--- Working data ---
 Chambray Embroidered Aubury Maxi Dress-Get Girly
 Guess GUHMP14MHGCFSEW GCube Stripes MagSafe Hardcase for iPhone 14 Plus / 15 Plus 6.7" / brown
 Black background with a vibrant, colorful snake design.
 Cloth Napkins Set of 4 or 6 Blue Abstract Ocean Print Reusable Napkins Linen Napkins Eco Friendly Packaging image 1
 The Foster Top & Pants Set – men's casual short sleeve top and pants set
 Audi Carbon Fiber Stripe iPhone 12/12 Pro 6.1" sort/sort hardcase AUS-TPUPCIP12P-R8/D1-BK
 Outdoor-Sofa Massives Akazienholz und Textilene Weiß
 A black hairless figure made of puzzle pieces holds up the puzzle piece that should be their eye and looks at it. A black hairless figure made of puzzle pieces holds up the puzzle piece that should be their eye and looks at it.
==
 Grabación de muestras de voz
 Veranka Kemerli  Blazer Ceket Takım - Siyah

--- Exercise objective ---
After reading the material above, tally the lines that include the string "iPhone" and give only the number.

--- Exercise response ---
2